Verdict of an inquest in England and Wales

In English law, Irish law and Northern Irish law, unlawful killing is a verdict that can be returned by an inquest in England and Wales and Ireland when someone has been killed by one or more unknown persons. The verdict means that the killing was done without lawful excuse and in breach of criminal law. This includes murder, manslaughter, infanticide and causing death by dangerous driving. A verdict of unlawful killing generally leads to a police investigation, with the aim of gathering sufficient evidence to identify, charge and prosecute those responsible.

The inquest does not normally name any individual person as responsible. In R (on the application of Maughan) v Her Majesty's Senior Coroner for Oxfordshire the Supreme Court clarified that the standard of proof for suicide and unlawful killing in an inquest is the civil standard of the balance of probabilities and not the criminal standard of beyond reasonable doubt.

==Notable cases==
- 6 May 1953: Ronald Maddison, an airman who died whilst acting as an experimental subject in chemical weapons testing in 1953. A verdict of unlawful killing was returned in a 2004 inquest; the original 1953 inquest had returned a verdict of misadventure.
- 14 February 1981: 48 people died following a fire at Stardust nightclub in Dublin.
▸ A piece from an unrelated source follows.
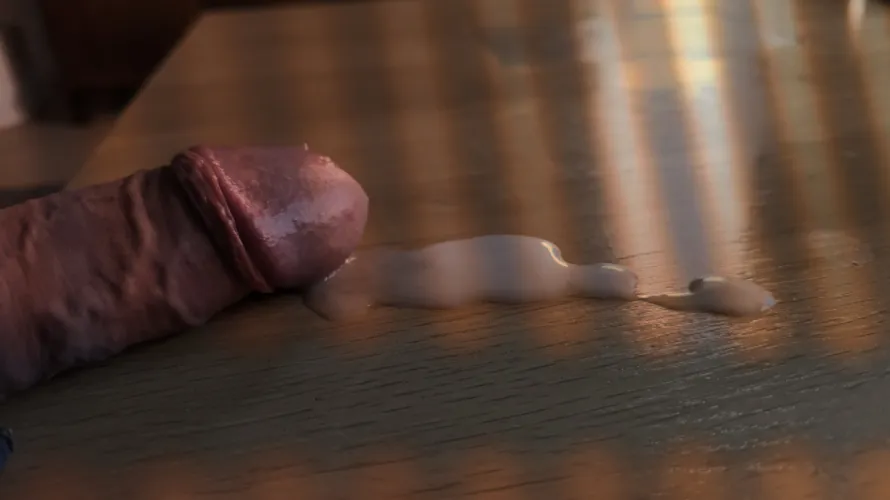 [34] die Vorstellung, dass einen hier Freunde und Bekannte sehen könnten macht mich an. Dich auch?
In April 2024, the jury of an inquest at Dublin District Coroners Court returned a verdict of unlawful killing.
- 15 April 1989: (Note: the Hillsborough disaster occurred on 15 April 1989; 94 people died on the day, with the 95th the following day, Tony Bland in 1993, and a 97th person in 2021. All 97 deaths are considered unlawful) The death of 97 Liverpool F.C. fans in the Hillsborough disaster on 15 April 1989, with the ruling returned at a second inquest in April 2016: A previous inquest in 1991 had returned a verdict of accidental death.
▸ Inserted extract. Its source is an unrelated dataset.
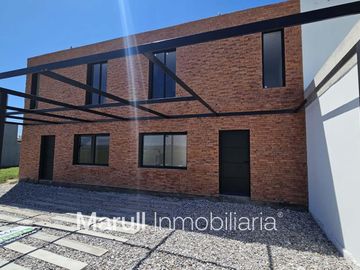 Duplex en venta Colinas de Manantiales Dos dormitorios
- 31 August 1997: Diana, Princess of Wales died in a car crash in Paris. The initial French inquiry in 1999 concluded the crash was caused by the driver's loss of control while drunk; a verdict of unlawful killing was returned in a British inquest in 2008.
- 22 November 2002: UNRWA worker Iain Hook was shot by an Israeli sniper in Jenin.
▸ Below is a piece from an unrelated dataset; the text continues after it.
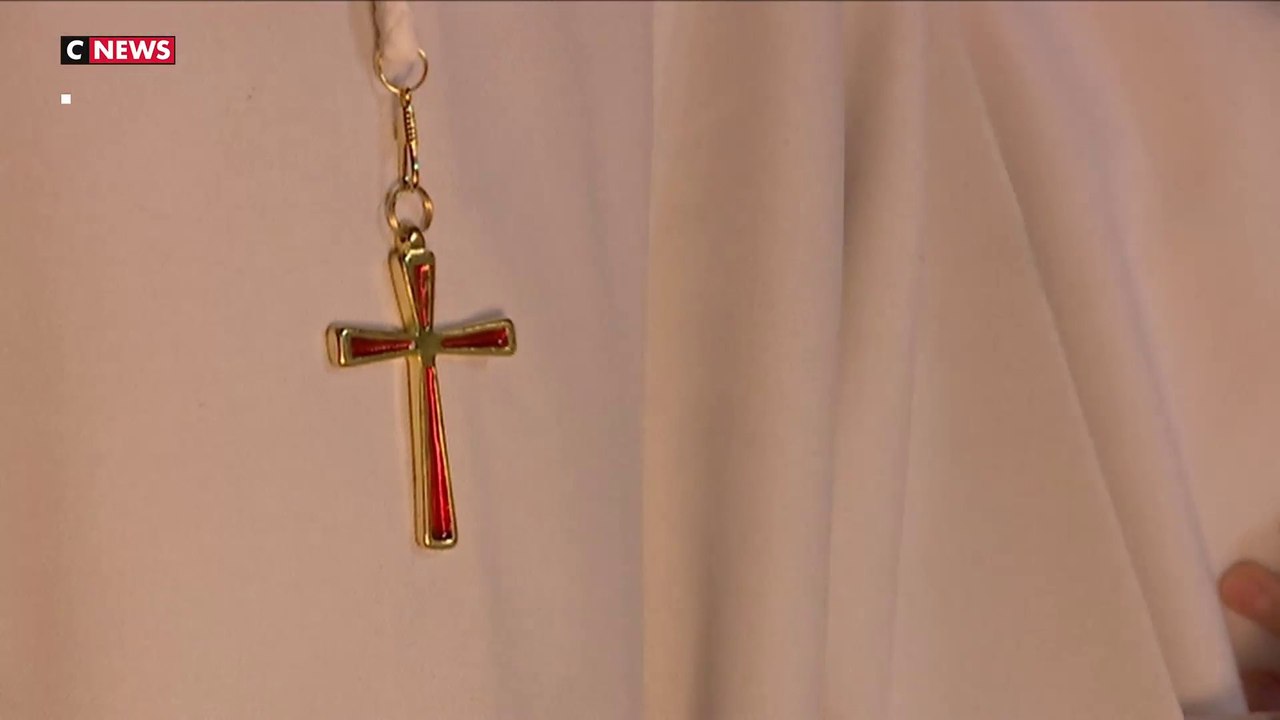 Catholicisme : les baptêmes en forte hausse chez les adultes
- 28 March 2003: Trooper Matty Hull, killed in a U.S. friendly fire incident in 2003.
- 13 January 2004: Tom Hurndall, shot by an Israeli sniper in the Gaza Strip in 2003.
- 7 July 2005: The fifty-two victims of the 7 July 2005 London bombings were declared on 6 May 2011 to have been unlawfully killed.
- 1 April 2009: Ian Tomlinson, who was struck with a baton and pushed to the ground by Metropolitan Police officer Simon Harwood at the G20 protests in London.
- 1 July 2009: Lt Col Rupert Thorneloe and Trooper Joshua Hammond, of the 2nd Royal Tank Regiment, were killed in an explosion in Helmand Province in Afghanistan.
- 22 March 2003: Terry Lloyd, ITN journalist, who was fired on by United States tanks near Basra.
- 29 November 2019: In May 2021, a jury ruled that failings by MI5 and the police contributed to the deaths of Saskia Jones and Jack Merritt who were unlawfully killed by a convicted terrorist.